Francine Rondeaux naît le 27 décembre 1901 à La Turbie (Alpes-Maritimes – 06).

Son père, Charles Alexandre Rondeaux, 39 ans, journaliste (“publiciste”) est rédacteur à Paris-Courses, journal du sport hippique ; sa mère, Madeleine Bry a 25 ans.

L’enfance de Francine, dite “France”, se déroule entre le château de Montbray (Manche) – berceau de la famille depuis 1753, date à laquelle les Rondeaux, bourgeois de Rouen, acquièrent la terre de Montbray et la particule -, l’appartement du boulevard Malesherbes (Paris 8e ou 17e) et le Cap d’Ail (06), commune du littoral près de La Turbie et de Monaco, où ses parents ont une propriété. C’est une enfance de la belle époque : nourrice, institutrice particulière, puis internat chez les Dames de l’Assomption (une congrégation religieuse catholique).

Francine a une sœur cadette, Colette, née le 5 octobre 1903 chez leur parents, alors domiciliés au 17 rue de Lisbonne à Paris 8e.

Le 19 novembre 1921, âgée de 19 ans, France Rondeaux donne naissance à Anette, Renée, née à la Villa Molière, une clinique alors installée au 57 boulevard de Montmorency (Paris 16e), reconnue d’elle seule, mais pouvant être issue de sa relation avec un chanteur baryton de l’Opéra de Paris.

Au printemps 1922, la famille Rondeaux est domiciliée au 17 rue de Trétaigne (Paris 18e).

Le 27 mai 1922, à Paris 9e, France se marie avec René S., 29 ans, négociant en automobiles. Mais le couple divorcera trois ans plus tard.

France Rondeaux fréquente les artistes, le “monde” – elle est cousine d’André Gide, dont la mère était née Rondeaux et qui avait épousé une Rondeaux, sa cousine Madeleine -, écrit des poèmes, des nouvelles, a une passion malheureuse pour un aviateur… (?) Après la belle époque, les années folles.

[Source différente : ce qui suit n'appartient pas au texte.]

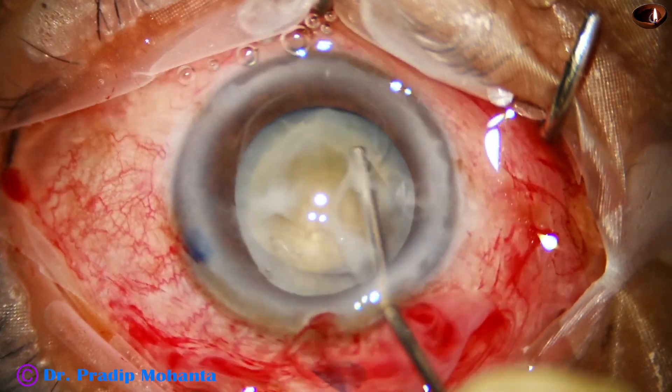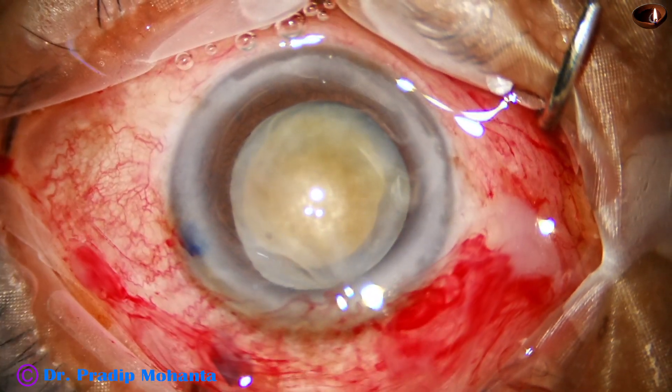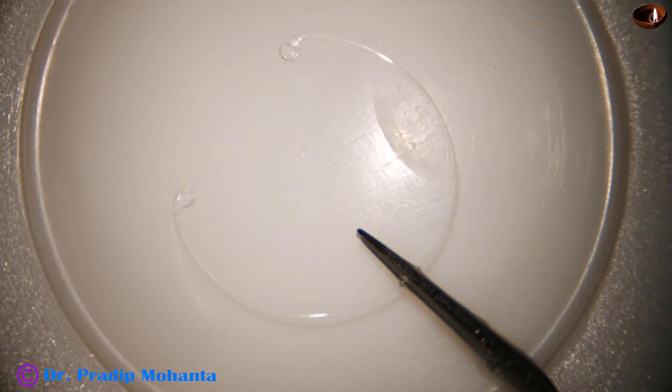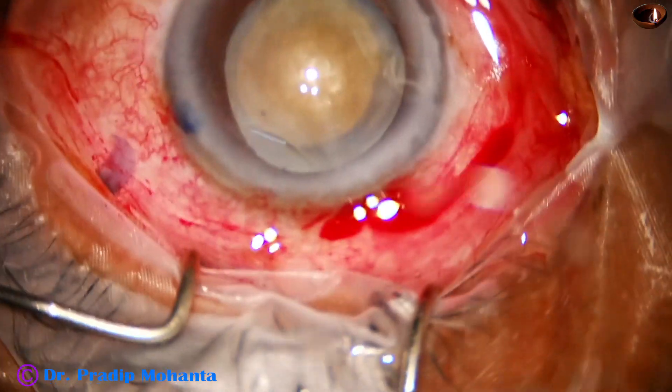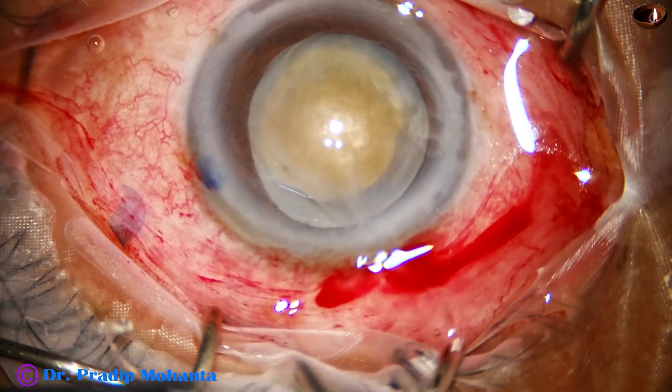In such cases, the decision has been made to insert the capsular tension ring at this early moment, because in many cases the zonule is so weak that zonular dialysis occurs during surgery. To support the capsular bag, the capsular tension ring — CTR — is inserted now.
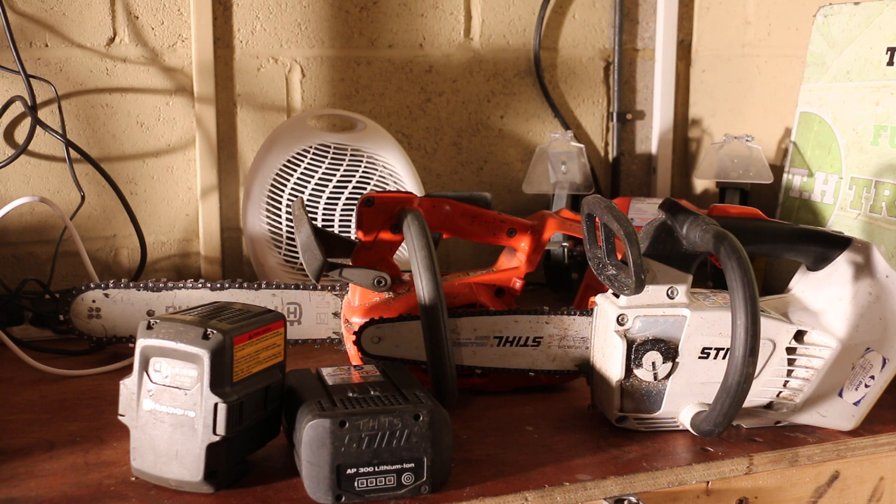In my opinion, Stihl are the better saw, but it is very much apples and oranges. There are so many different little bits about each saw that are good, so it's going to come down to personal preference. My preference is the Stihl at the moment.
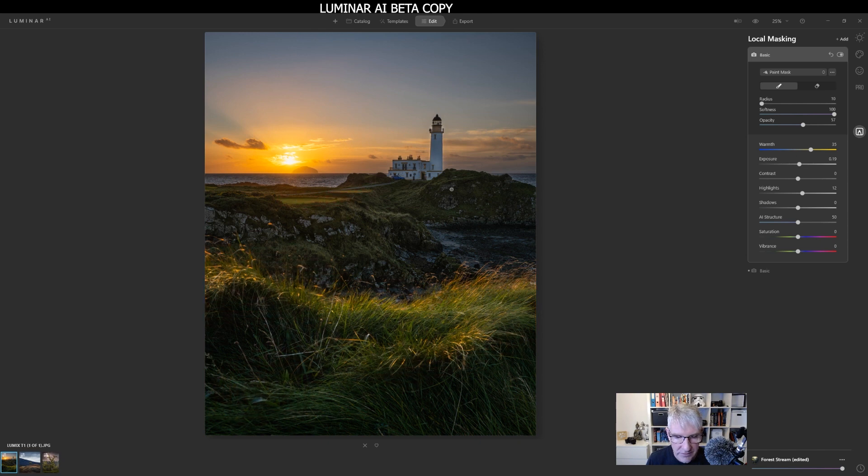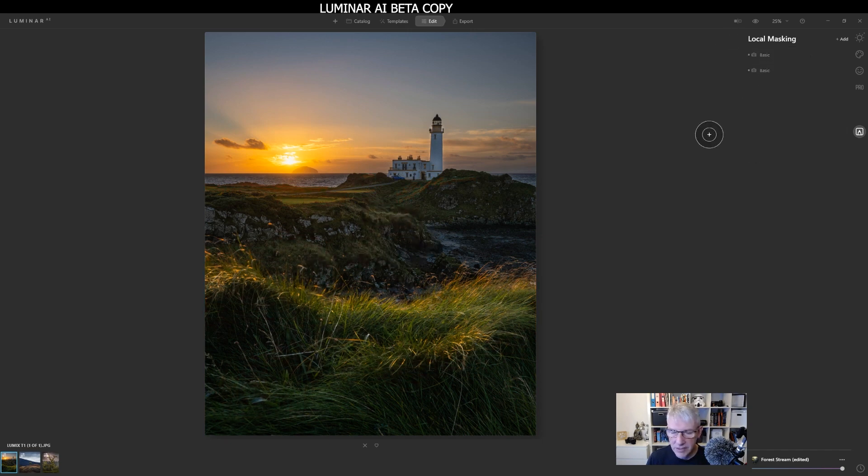Just across there, and across there — let's take it down there. Basically you're moulding the light within the software, similar to dodging and burning, which is basically what we're doing here. I'm not going to take it down to the lighthouse because it still needs to be balanced slightly. So let's just take the opacity down and lighten some of those areas. I'll close that local masking down. So here we have the before and the after — before and after.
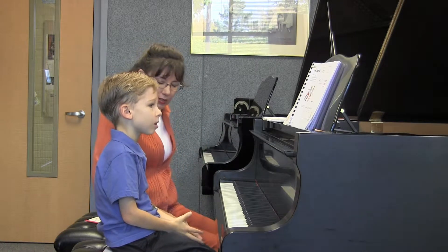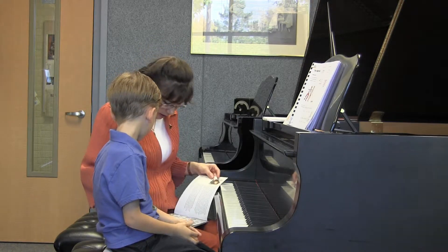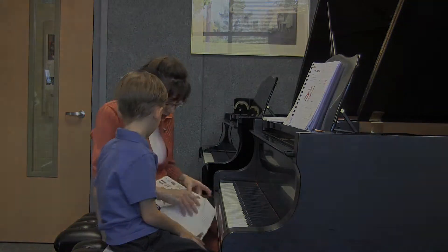Oh, so good. Did you hear the difference between your quarter and your half notes? For sure. So I think you deserve a sticker that has the happy feet, right? The two boys tapping.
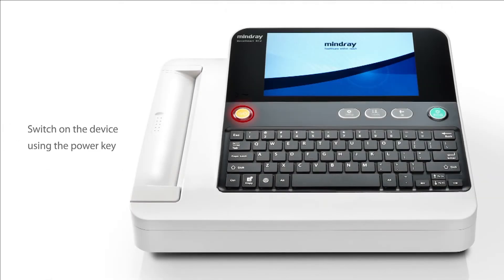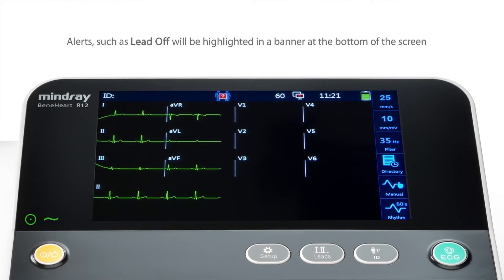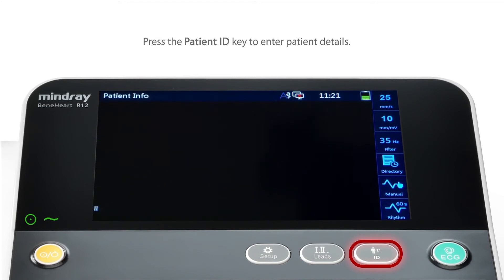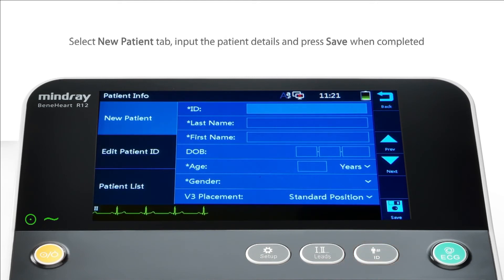Switch on the device using the power key. Alerts such as Lead Off will be highlighted in a banner at the bottom of the screen. Press the Patient ID key to enter patient details. Select the New Patient tab and input the patient details as shown.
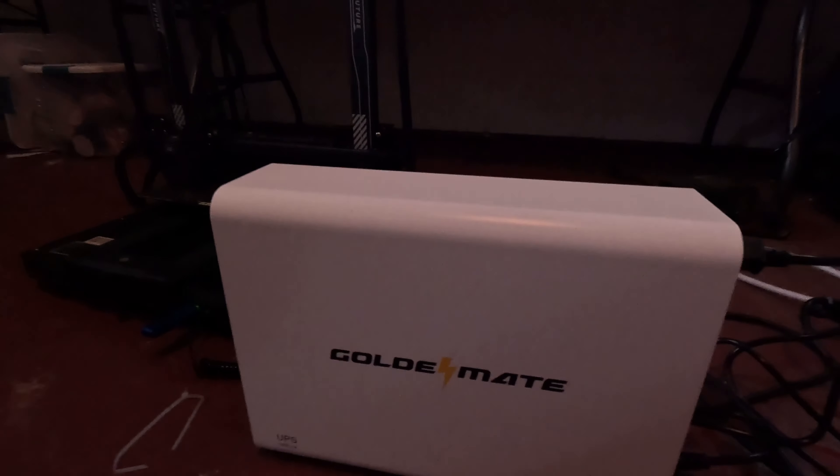I apologize for the poor lighting. We're in the garage, but I'm out here with this GoldenMate UPS. If you've been a long-time subscriber to the channel, you've seen I've done one of their lithium iron phosphate batteries for my amateur radio stuff and for solar. I've been doing longer and longer 3D prints, and it would stink to lose like half a kilogram of filament because the power flickers. So I have one of their UPS here — it's the GoldenMate UPS 800 watt battery backup.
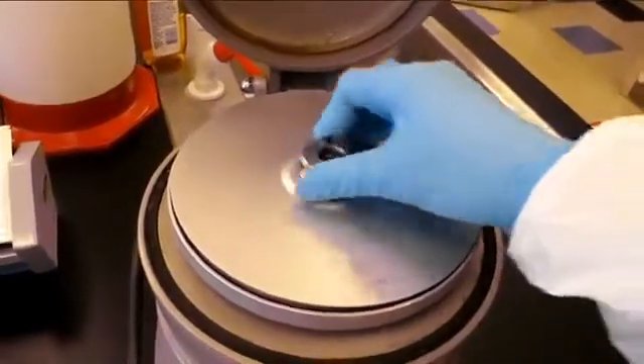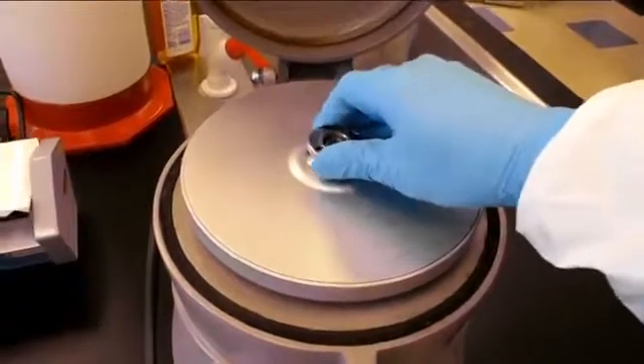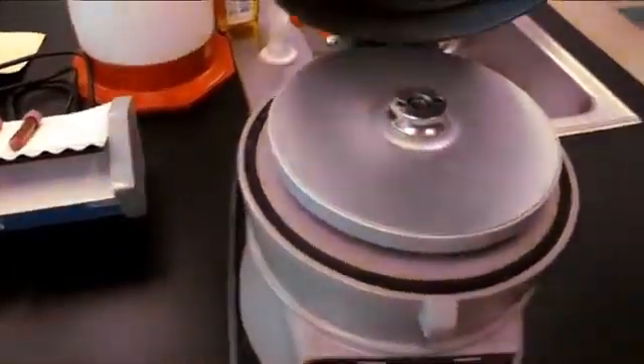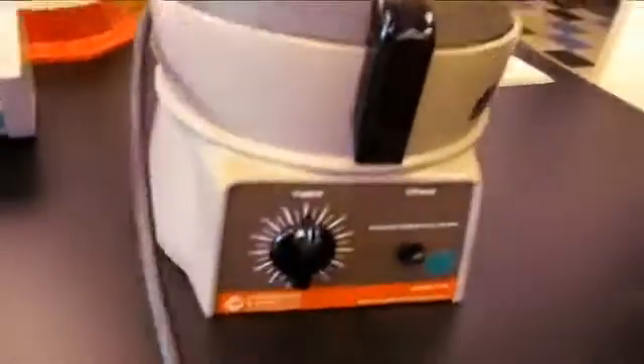Place the cover back on and close the lid. Centrifuge the sample for at least 4 minutes. This is simply done by turning the knob slightly past the number 4.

En 1926, sa sœur Colette, devenue chanteuse, habite toujours rue Trétaigne. Elle héberge sa nièce Anette. Le 12 septembre 1931, à Saint-Jean-Cap-Ferrat (06), Colette de marie avec Jean Brondy.

De son côté, France Rondeaux habite successivement au 82 rue Marcadet, au 43 boulevard Montparnasse (20 décembre 1934), au 4 rue de Cels (14 février 1935) et au 135 rue Marcadet (Paris 18e). La police française indique qu’elle a été expulsée à plusieurs reprises par « ministère d’huissier » pour manquement à l’égard des propriétaires.

Vers 1937, elle habite au 131 boulevard Ney (Paris 18e), chez une amie, Madeleine B.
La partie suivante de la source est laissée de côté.